When a rape victim went public with her story earlier this year, Jim Foley, Vice President of the University of Montana, sent an email asking if she could be punished under the Student Code of Conduct.
To native Montanans (disclaimer: I am one of them) Missoula is considered the uniquely liberal center of a majority red state—and the University of Montana is seen by most as the epicenter of culture in this college town. UM is known for its strength in liberal arts/humanity courses and its focus on the arts. But what makes it stand out is its more progressive stance on social issues. Most relevant here, UM is unique in Montana for its feminist community—the Women's Center on campus (amazing that it even exists in Montana) explicity boasts the f-word in its mission. While this might not seem groundbreaking to some, the acceptance and promotion of feminism in the most socially liberal city in the state means that Missoula is bit a different from the rest of Montana. Therefore, it would definitely not come to mind for me as the "Rape Capital of Montana," let alone the "Rape Capital of America."

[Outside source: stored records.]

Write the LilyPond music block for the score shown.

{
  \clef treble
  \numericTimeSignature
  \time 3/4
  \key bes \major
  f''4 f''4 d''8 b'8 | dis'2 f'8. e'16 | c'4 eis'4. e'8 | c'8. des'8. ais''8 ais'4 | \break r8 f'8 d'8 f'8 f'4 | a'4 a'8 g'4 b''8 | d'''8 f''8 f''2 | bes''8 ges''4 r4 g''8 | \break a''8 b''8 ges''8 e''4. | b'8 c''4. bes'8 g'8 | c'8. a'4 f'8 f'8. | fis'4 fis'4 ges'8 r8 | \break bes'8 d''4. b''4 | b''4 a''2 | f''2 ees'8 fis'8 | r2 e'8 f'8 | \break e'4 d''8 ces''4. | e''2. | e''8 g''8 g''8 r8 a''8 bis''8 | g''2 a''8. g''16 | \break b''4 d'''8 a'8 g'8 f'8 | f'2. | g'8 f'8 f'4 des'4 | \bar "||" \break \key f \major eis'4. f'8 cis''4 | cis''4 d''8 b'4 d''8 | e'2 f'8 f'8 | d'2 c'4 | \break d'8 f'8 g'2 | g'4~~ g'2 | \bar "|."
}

When the U.S. Department of Justice came forward to announce its investigation of the more than 80 rapes that were reported in Missoula in the last three years, I don't think I was the only person who was surprised. But as the story unfolded with the allegations of gender discrimination by the Missoula Police Department, the lack of action by the Missoula County Attorney's office, and—saddest of all—the attempted cover-up and victim-blaming from the University of Montana, Missoula was shown to be far from the city that many Montana women's rights activists thought it was.
The real story regarding the UM's actions in the cover-up came this spring when the Missoulian (the city's newspaper) obtained emails from the University of Montana administrators under the Freedom of Information Act. The most condemning of these were from the school's VP Jim Foley who was in charge of the University PR surrounding these allegations:
- In his email exchanges, Foley wrote that the term "gang rape" (being used to describe the alleged sexual assault by several UM football players of two female students) should be changed to "date rape" instead in any UM official documents—implying that "date rape" would work out better for the UM in the media than the term "gang rape."

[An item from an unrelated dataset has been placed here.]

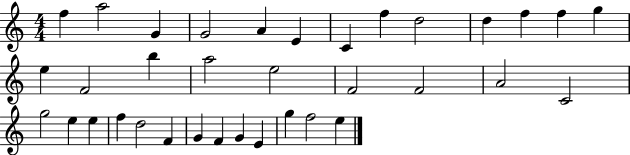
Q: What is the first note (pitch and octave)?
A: F5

- When a Missoula police officer who had originally contacted the University as a private citizen from a personal account asking "stop this spiraling PR mess and take action instead of trying to defend your actions," Foley ignored it and furthered his douchery by demanding an apology from the officer.
- An email was found that showed Foley delayed the release of the UM's final report on the sexual allegations because he feared it would look bad if they were released on the same day as news that a restraining order had been filed against the UM football team's quarterback for rape allegations.
- The biggest act of douchebaggery was when Foley tried punish a victim for coming forward with her story. When a student went public about her rape by a fellow student, Foley sent an email to Charles Couture, the then Dean of Students, asking, "Is it not a violation of the student code of conduct for the woman to be publicly talking about the process and providing details about the conclusion?"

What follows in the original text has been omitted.